Re-entering "The Little Room"--this time with the help of the Internet!

Back in October, I wrote a post about Madeline Yale Wynne's "The Little Room" (1895), a short story whose delicacy in dealing with the inexplicable could serve as a model for writers of uncanny tales. A few days ago, Addie Harris came across that post and left a comment that is far too interesting to be left to mulch in the archives. If you've not read "The Little Room," I'd suggest you take ten minutes to go here and read it before you read Addie's comment. You'll be glad you did

Addie writes,
My husband and I own a house that once belonged to Madeline Yale Wynne's aunt and uncle. Before we bought the house we were given a tour by the real estate agent. When we went upstairs to see the bedrooms he pointed out that it was unusual for a Victorian house to have been built with original closets. He took us into the first bedroom at the top of the stairs, showed us the view out the double window and pointed out the closet. At the second bedroom he pointed out an identical double window and an identical closet. He followed the same routine in the third bedroom. The fourth and apparently last bedroom was full of furniture so we stayed behind as he squeezed around the foot of the bed to point to yet another double window and another closet but, as we were turning to leave the room, we found ourselves alone. A second later there was a faint "Are you coming?" from inside the closet. In the back of that closet was a doorway leading into another room with blue wallpaper that has no entrance from the hall. I read somewhere that Madeline Yale Wynne was probably inspired to write "The Little Room" by her home in Massachusetts but I don't believe that.
I love that they learn about the room because they're thinking of buying the house--a situation that has set up spooky stories for more than a century. I further love that the real estate agent doesn't even seem to think there's anything all that odd about the little room; maybe he has some strange power--maybe all the houses he shows suddenly have little rooms?
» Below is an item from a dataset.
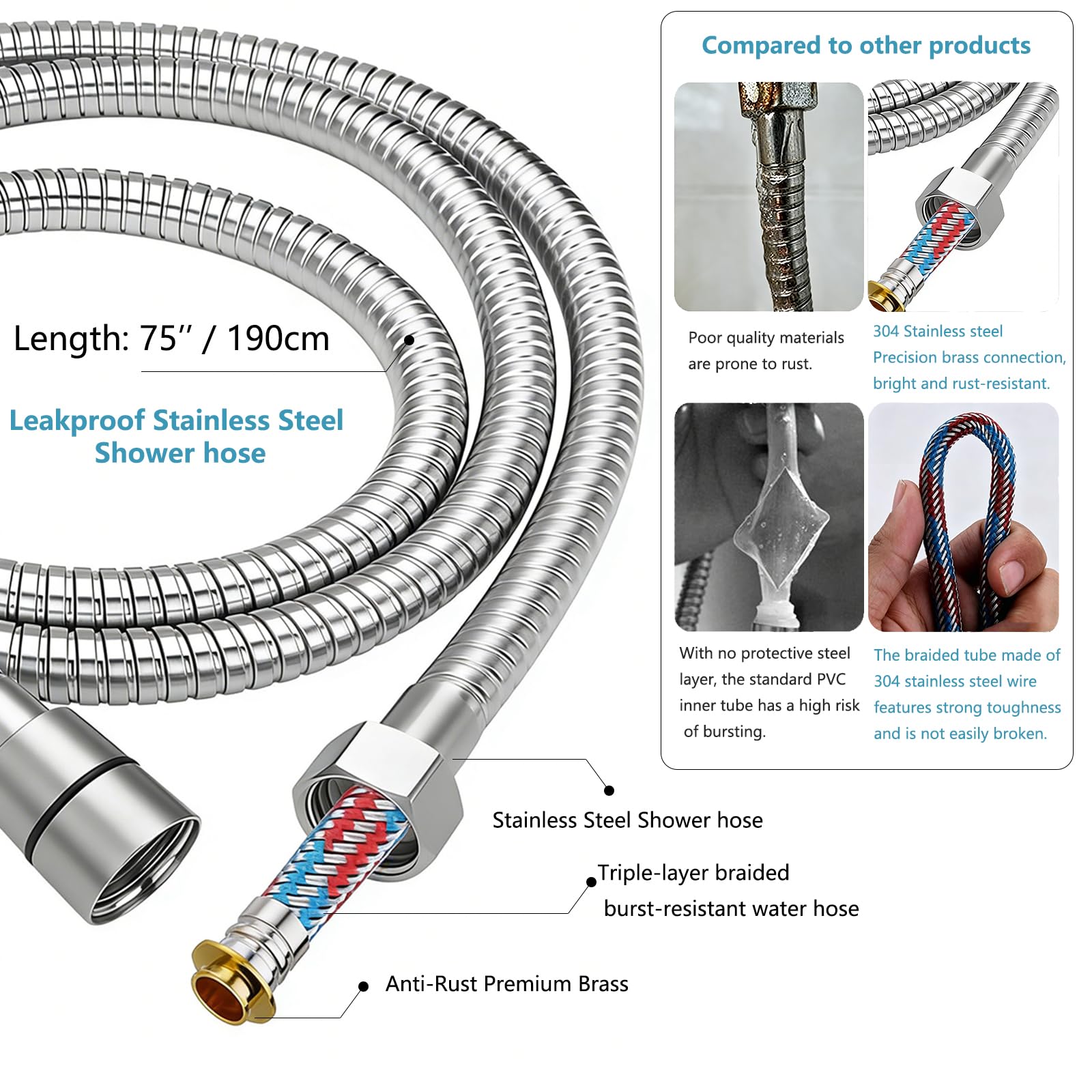 Filtered Shower Head with Handheld - High Pressure 6 Spray Modes Showerhead with Filters, Shower Head With Movable Bracket & 75" Anti-Burst Hose | 12 Replaceable Water Softener Filters for Hard Water — view 8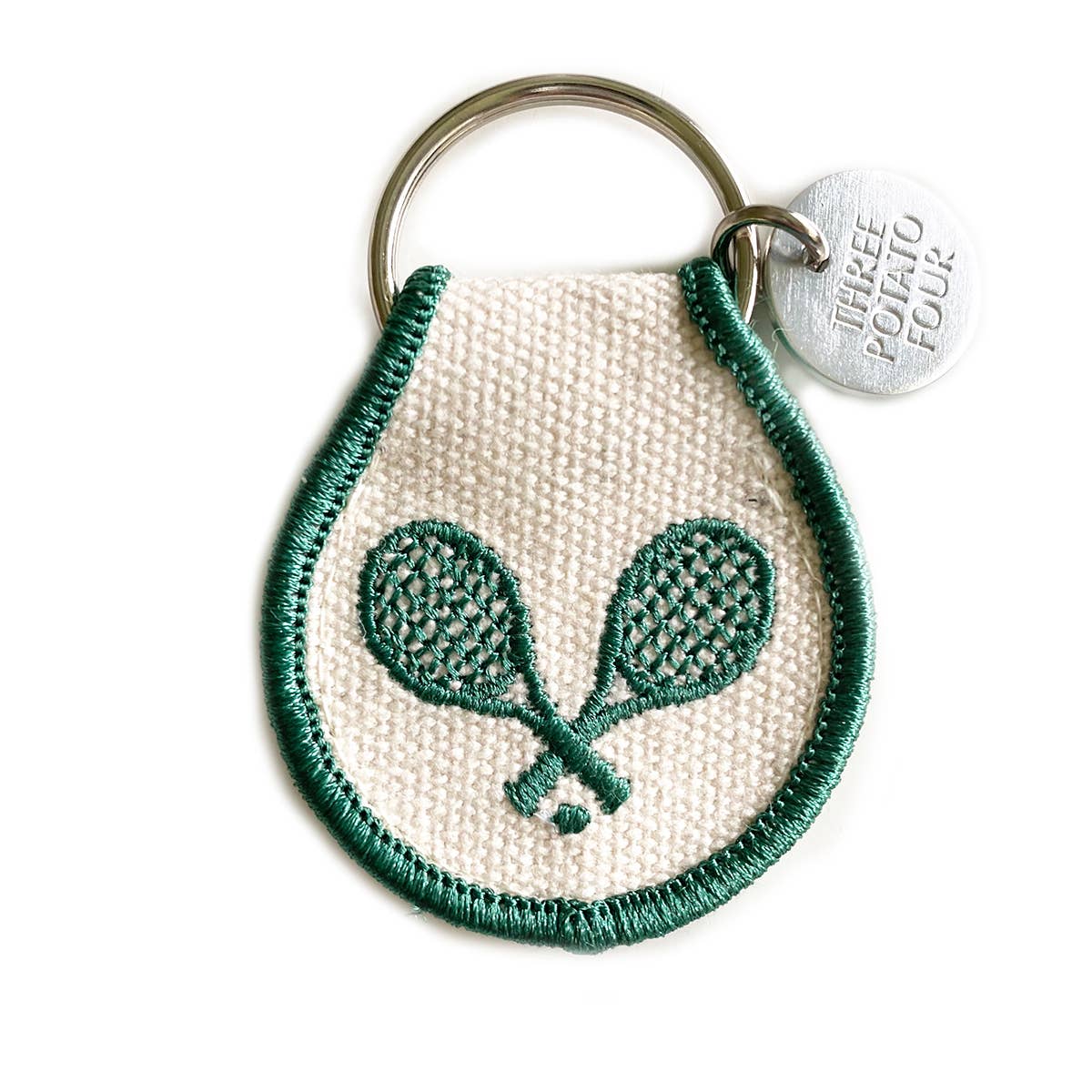 Paddle keychain, green and white keychain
The wonderfully fortuitous nature of this discovery about Wynne's story threatens to send me into yet another rhapsody about the glories of the Internet. Instead, I'll merely thank Addie for taking the time to share her knowledge, and I'll remember to add the Internet to the list of things I'm thankful for this holiday weekend.

Things here will most likely be quiet through the weekend but should be back to normal by Monday. Happy Thanksgiving to you and yours.